Search code examples
playframeworkapache-kafkaakka-streamakka-kafka

Getting last message from kafka Topic using akka-stream-kafka when connecting with websocket


Is it at all possible to get the last message on a Kafka Topic using Akka Streams Kafka? I'm creating a websocket which listens to a Kafka Topic, but currently it retrieves all prior unred messages when I connecting.
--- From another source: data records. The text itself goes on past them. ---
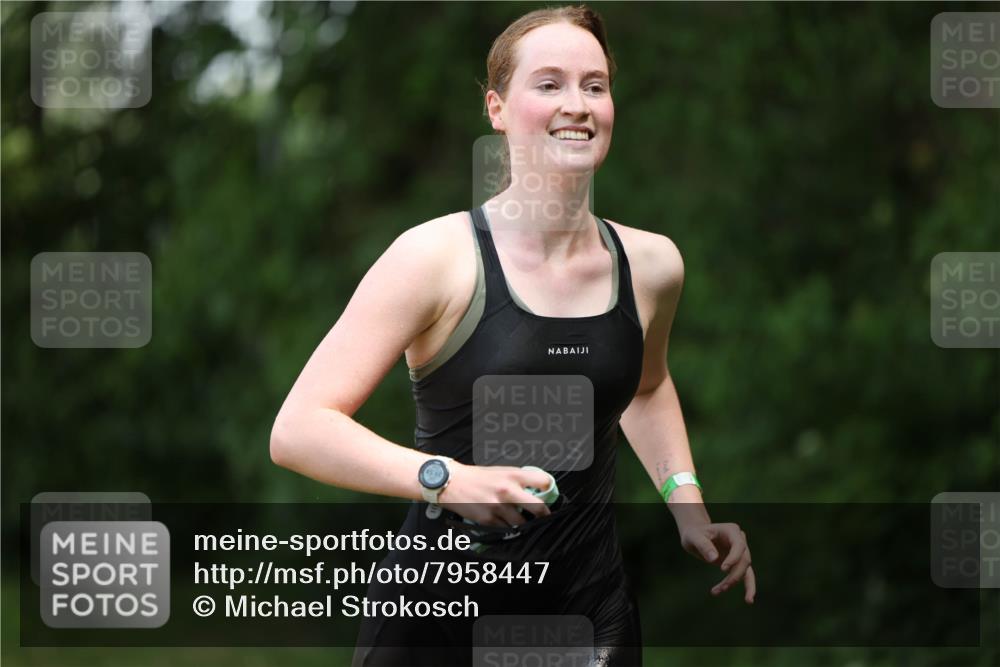 15.06.2025 - 7 Türme Triathlon Michael Strokosch http://msf.ph/oto/7958447 15.06.2025 12:39:57 Schwimmen 405, 484, 588 meine-sportfotos.de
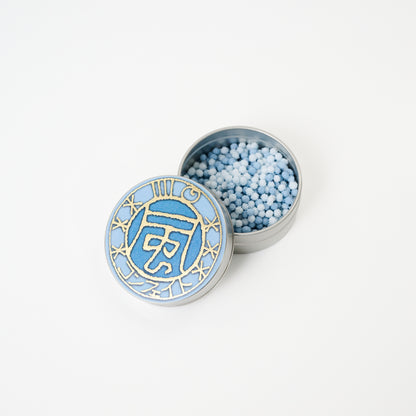 星果庵 塩の金平糖 缶を開けたところ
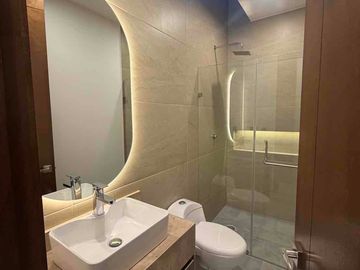 Casa en Venta en clouster con excelentes vistas , con Alberca y Gym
This can add up to quite a lot of messages, so I'm only interrested in the last message + any future messages. (or only future messages)

The source:

def source(): Flow[Any, String, NotUsed] = {
  val source = Consumer.plainSource(consumerSettings, Subscriptions.topics(MyTopic))
  Flow.fromSinkAndSource[Any, String](Sink.ignore, source.map(_.value)
}

Consumer settings:

  @Provides
def providesConsumerSettings(@Named("kafkaUrl") kafkaUrl: String): ConsumerSettings[String, String] = {
  val deserializer = new StringDeserializer()
  val config = configuration.getOptional[Configuration]("akka.kafka.consumer")
    .getOrElse(Configuration.empty)

  ConsumerSettings(config.underlying, deserializer, deserializer)
    .withBootstrapServers(kafkaUrl)
    .withGroupId(GroupId)
}

I've tried adding setting the ConsumerSettings.withProperty(ConsumerConfig.AUTO_OFFSET_RESET_CONFIG, "latest")
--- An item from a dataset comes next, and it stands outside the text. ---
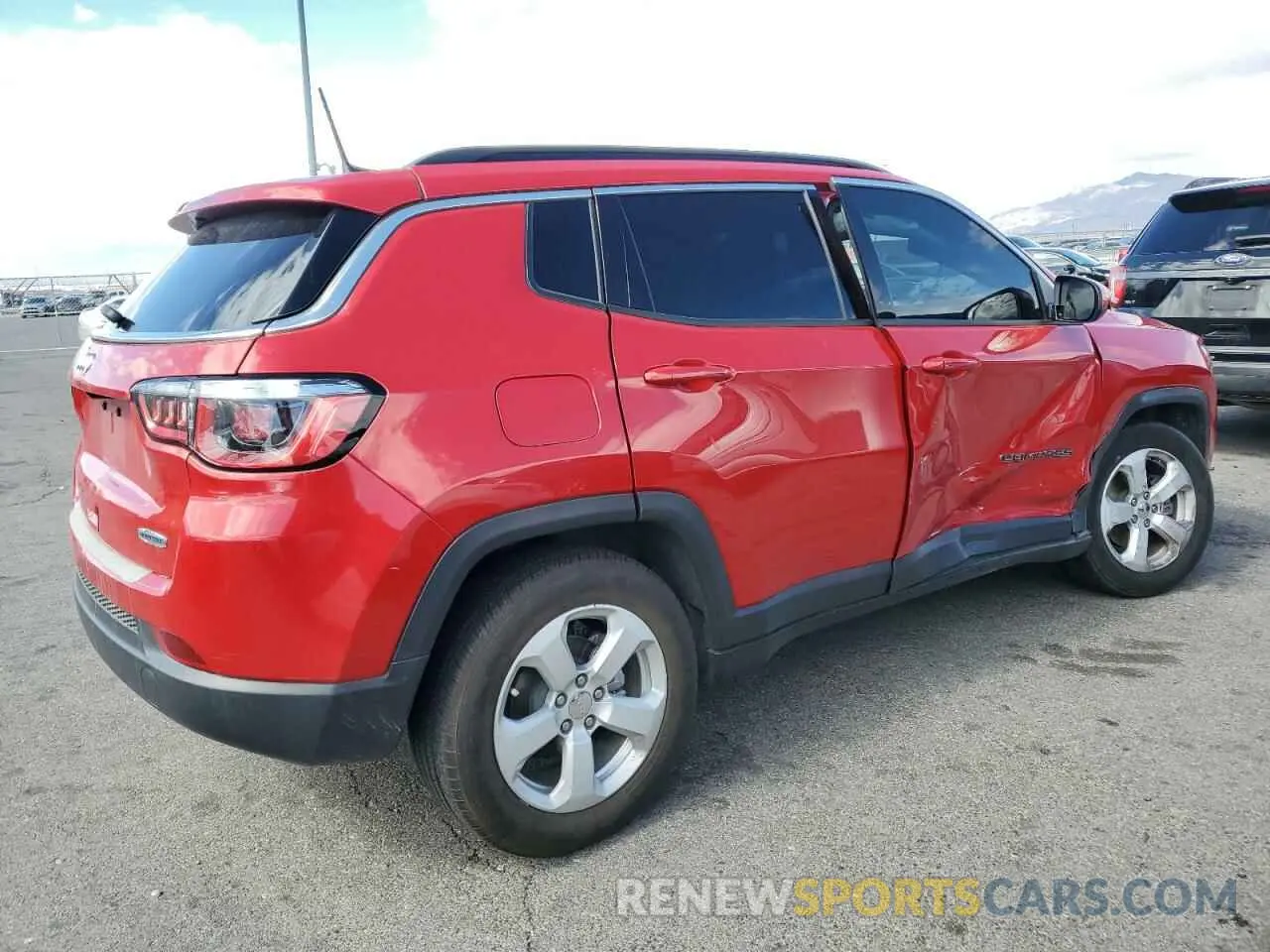 3 Photograph of a damaged car 3C4NJCBB6KT833200 JEEP COMPASS 2019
Which should "automatically reset the offset to the latest offset", but it does not seem to have any effect.


Solution

  • I was able to avoid getting any upstream data upon client connection using a method described very neatly by David van Geest here

    It boils down to having a BroadcastHub on the Consumer:

    val liveSource = Consumer.plainSource(consumerSettings, Subscriptions.topics(topic1, topic2))
    .map(kafkaObject => utils.WebSockets.kafkaWrapper(kafkaObject.topic(), kafkaObject.value()))
    .toMat(BroadcastHub.sink)(Keep.right)
    .run()
    

    And connecting a static consumer to eat all the upstream data

    liveSource.to(Sink.ignore).run()
    

    Onwards this lets me have a WebSocket client subscribe to all data recieved by the consumer as such:

    def source(): Flow[Any, String, NotUsed] = {Flow.fromSinkAndSource(Sink.ignore, liveSource)}
    

    Or filter based on KafkaTopic (or whatever else you want)
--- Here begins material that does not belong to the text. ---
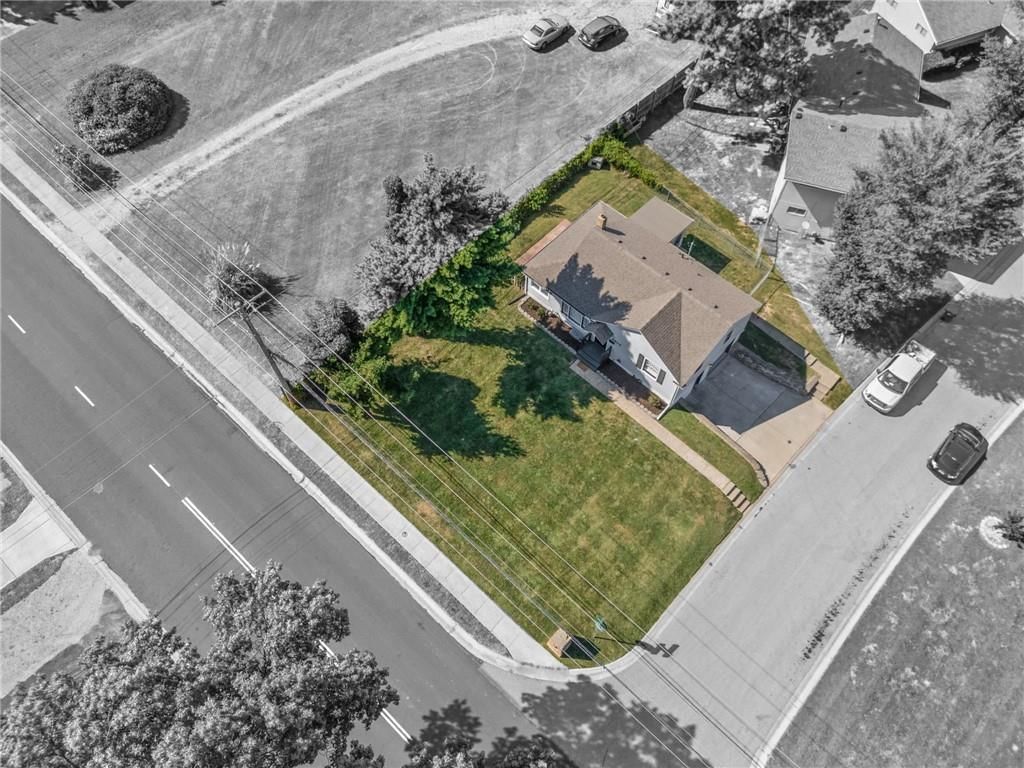 8804 W 79th Street — photo 34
    def KafkaSpecificSource(kafkaTopic: String): Flow[Any, String, NotUsed] = {
      Flow.fromSinkAndSource(Sink.ignore, liveSource.filter({
        x =>
          (Json.parse(x) \ "topic").asOpt[String] match {
            case Some(str) => str.equals(kafkaTopic)
            case None => false
          }
      }))
    }
    

    This does not resolve the issue of giving x amount of data to the user when first connecting, but I foresee us adding a simple database query for any historic data, and let the WebSocket connection only focus on the livestreaming data.